Name & Address is the data which is the only common identifier of a customer. Even though it is key to identifying every customer, it is subjective and volatile and therefore difficult to manage. This view was supported in the same survey conducted by Group 1 Software in which Name & Address had the highest response (31%) to the following question, Of all the legacy customer data you've collected, what type of data presents the most problems when it comes to ensuring its integrity?

The properties which make Name & Address difficult include:

Subjective - People can write the same Name & Address data in many different ways. When we interpret data, we account for differences by applying knowledge about known cultural norms in the way Name & Address data is written. This is easy when a person physically reviews and compares two names and addresses but it becomes an onerous task when having to automatically apply these norms to millions of Names & Addresses. The problem is further compounded by the different ethnic backgrounds of data in a global market.

Free Form- Name & Address fields in data entry screens are typically not structured. Being perhaps the only free form fields available, they are ripe for entry of comments, account numbers, statuses etc. Usually, anything that doesn't fit into another field is jammed into Name & Address fields. Also, Name & Address is very difficult to edit for completeness, consistency or accuracy. So, Name and Address is just added or updated regardless of quality.

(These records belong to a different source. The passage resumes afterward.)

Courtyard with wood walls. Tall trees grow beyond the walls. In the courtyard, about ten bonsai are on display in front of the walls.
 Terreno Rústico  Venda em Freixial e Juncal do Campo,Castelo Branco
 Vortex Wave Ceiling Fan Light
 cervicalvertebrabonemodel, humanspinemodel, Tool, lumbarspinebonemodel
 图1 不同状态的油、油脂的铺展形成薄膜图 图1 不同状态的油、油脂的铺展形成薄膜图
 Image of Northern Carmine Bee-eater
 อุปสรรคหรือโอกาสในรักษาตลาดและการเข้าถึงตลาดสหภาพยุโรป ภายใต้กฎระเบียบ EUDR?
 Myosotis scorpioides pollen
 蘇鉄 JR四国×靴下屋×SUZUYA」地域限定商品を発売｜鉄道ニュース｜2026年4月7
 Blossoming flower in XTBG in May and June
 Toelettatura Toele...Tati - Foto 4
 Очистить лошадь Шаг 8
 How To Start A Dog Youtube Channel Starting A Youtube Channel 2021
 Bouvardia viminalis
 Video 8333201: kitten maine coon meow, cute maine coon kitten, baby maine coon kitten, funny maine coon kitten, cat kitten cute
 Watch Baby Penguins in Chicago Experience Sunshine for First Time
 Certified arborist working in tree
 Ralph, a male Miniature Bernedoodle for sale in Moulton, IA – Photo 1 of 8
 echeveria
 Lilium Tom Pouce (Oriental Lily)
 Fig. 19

Volatile - Names & Addresses change all the time; they are not static. This volatility is caused by corporate mergers, marriage name changes, movement of residential addresses, individual customer preferences - in communication, privacy of activity, changing residential address, changing postal addresses etc. This volatility needs to be managed.

Standards - Using conformance to a data standard as a measure of quality is difficult because there is no independent data standard for Name & Address either internal or external. Historical use of Name & Address has been for particular purposes - mailing or government requirements. A company conforms to these standards because of enforcement by the receiving agency. For example, when a bill mailing run is performed, data is extracted from the database and massaged (if possible) to meet the local mailing standards before addresses are affixed to the envelopes. The massaged customer data held by the organization is typically not updated. The same data may be extracted and massaged differently to meet another standard. The quality of the data held by the organization is not improved.

2.2 Definition of Customer Data Quality

A definition of customer data quality that MasterSoft has developed based on experience with our customer base is: The extent to which customer information remains reliable and consistent across the corporation . Unfortunately, most corporations seem to view data redundancy or duplicate records as a measure of Name & Address quality. The reality is that this is just one facet of customer information quality. Name & Address Data quality needs to be measured at two levels:

the quality of individual Names & Addresses
the integrity of Names & Addresses as a whole

Possessing high quality individual Name & Address data is an essential foundation to deriving reliable information about customers.

2.3 Quality of Individual Names & Addresses

Before an organization can extract reliable information from Name & Address data as a whole, it needs to identify, validate and measure the quality of the individual Names & Addresses. This is the necessary first step. The following facets of Name & Address can be used to measure the quality of individual Names & Addresses across the entire customer base.

Structure - Does the Name & Address have the appropriate structure necessary to meet all the organization's needs? Is the data completely structured? Are the key elements structured? Free format data does not allow the organization to effectively communicate with the customer in a wide variety of ways or perform market segmentation.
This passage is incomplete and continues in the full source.